WHAT YOU SHOULD DO | Within the records below, how many lines hold the string "about"? State that number and nothing else.

DATA TO USE |
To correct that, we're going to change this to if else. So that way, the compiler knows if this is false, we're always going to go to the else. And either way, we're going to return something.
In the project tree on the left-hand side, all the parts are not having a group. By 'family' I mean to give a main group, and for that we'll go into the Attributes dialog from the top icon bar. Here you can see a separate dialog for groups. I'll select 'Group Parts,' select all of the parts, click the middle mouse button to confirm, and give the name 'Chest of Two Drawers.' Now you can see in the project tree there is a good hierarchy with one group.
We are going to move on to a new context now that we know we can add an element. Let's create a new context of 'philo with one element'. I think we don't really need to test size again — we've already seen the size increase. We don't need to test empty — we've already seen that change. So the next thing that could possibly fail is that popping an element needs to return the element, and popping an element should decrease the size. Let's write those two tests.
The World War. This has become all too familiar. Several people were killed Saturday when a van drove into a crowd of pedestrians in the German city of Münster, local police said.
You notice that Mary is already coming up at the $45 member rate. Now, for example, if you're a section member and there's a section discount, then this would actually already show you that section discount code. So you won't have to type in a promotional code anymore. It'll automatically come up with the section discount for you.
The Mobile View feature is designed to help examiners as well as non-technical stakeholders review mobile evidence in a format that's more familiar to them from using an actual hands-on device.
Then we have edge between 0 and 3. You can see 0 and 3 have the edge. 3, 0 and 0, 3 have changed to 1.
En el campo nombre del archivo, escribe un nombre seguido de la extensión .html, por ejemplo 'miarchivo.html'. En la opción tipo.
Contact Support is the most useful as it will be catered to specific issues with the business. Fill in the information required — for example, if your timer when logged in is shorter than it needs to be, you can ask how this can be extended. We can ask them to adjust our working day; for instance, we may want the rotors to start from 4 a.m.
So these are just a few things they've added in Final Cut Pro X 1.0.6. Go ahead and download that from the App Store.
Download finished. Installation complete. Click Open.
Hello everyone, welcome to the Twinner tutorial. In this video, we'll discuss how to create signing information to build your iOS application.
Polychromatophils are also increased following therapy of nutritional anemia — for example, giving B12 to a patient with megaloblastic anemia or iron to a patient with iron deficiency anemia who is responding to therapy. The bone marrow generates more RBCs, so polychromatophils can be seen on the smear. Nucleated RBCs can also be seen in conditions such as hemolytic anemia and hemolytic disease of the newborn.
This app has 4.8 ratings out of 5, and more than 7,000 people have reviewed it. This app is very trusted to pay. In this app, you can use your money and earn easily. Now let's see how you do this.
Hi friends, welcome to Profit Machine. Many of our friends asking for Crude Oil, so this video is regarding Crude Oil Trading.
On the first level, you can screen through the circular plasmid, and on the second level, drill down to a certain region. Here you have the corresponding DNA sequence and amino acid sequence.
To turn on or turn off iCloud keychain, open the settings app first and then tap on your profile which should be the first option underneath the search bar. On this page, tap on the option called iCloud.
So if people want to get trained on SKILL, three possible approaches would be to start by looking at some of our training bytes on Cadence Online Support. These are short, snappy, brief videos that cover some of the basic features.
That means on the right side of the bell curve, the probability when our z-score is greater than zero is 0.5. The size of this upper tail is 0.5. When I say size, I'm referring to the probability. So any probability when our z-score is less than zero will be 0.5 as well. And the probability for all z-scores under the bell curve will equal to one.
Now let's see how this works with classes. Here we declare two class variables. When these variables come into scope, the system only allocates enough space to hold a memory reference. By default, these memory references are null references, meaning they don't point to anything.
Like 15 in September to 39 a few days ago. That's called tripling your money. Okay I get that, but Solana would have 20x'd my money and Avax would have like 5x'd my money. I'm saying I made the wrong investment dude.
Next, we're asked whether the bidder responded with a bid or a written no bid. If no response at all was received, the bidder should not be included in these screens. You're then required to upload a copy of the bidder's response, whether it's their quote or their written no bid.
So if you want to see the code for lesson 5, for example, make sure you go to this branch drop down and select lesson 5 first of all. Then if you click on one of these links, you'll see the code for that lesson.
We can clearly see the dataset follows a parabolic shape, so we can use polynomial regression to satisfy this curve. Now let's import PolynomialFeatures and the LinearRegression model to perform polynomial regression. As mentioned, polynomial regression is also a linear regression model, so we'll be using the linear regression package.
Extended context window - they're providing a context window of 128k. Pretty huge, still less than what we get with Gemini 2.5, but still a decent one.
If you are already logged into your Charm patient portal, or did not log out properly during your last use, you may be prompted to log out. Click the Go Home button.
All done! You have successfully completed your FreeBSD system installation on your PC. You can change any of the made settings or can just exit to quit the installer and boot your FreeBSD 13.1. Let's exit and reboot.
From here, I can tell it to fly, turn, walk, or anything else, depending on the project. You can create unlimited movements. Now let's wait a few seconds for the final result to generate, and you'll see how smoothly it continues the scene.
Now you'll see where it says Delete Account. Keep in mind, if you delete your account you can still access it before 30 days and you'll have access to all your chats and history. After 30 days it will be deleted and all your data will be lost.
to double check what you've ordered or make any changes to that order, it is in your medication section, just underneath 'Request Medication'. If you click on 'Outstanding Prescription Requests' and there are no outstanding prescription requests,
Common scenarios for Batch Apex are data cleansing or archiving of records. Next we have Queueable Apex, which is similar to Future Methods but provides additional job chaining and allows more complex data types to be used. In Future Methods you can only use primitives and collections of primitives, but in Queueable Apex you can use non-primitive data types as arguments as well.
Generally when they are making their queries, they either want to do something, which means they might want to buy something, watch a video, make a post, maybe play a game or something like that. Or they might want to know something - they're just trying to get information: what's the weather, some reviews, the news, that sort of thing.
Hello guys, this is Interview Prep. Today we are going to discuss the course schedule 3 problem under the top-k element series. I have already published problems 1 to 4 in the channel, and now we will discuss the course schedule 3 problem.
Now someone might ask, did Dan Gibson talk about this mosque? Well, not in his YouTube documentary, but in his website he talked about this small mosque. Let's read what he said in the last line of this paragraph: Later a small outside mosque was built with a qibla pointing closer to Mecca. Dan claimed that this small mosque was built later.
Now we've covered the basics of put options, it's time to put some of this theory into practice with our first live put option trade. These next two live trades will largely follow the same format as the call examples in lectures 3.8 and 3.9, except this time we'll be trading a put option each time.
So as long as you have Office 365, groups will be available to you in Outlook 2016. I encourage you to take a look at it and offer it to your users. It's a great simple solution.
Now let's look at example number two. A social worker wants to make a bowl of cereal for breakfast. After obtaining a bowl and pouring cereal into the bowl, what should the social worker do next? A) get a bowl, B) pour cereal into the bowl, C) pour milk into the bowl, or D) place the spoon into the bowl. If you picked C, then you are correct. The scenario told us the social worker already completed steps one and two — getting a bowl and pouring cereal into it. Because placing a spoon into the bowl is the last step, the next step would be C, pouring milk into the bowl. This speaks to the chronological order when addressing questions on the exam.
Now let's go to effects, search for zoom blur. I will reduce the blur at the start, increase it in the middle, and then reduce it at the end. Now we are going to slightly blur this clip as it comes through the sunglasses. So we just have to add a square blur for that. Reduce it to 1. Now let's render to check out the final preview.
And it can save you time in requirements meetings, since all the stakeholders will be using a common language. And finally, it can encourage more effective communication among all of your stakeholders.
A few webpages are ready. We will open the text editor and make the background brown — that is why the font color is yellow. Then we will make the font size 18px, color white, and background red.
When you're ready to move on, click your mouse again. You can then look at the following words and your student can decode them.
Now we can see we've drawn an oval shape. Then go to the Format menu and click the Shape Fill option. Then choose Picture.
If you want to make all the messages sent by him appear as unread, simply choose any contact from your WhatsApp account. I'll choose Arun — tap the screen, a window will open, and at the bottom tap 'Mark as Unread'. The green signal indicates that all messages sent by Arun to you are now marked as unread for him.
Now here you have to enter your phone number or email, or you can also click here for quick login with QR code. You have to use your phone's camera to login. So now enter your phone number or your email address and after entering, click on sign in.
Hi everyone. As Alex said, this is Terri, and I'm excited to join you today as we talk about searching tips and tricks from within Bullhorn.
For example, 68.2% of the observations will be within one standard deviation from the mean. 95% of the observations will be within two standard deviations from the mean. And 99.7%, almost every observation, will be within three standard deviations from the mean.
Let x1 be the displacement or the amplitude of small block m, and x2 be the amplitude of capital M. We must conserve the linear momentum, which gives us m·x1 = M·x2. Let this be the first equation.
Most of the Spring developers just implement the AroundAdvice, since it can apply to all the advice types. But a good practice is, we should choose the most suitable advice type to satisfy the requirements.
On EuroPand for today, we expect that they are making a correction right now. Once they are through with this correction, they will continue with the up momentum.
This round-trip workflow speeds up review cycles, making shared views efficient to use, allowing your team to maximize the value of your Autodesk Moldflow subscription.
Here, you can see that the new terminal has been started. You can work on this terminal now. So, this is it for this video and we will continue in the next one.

TASK OUTPUT | 2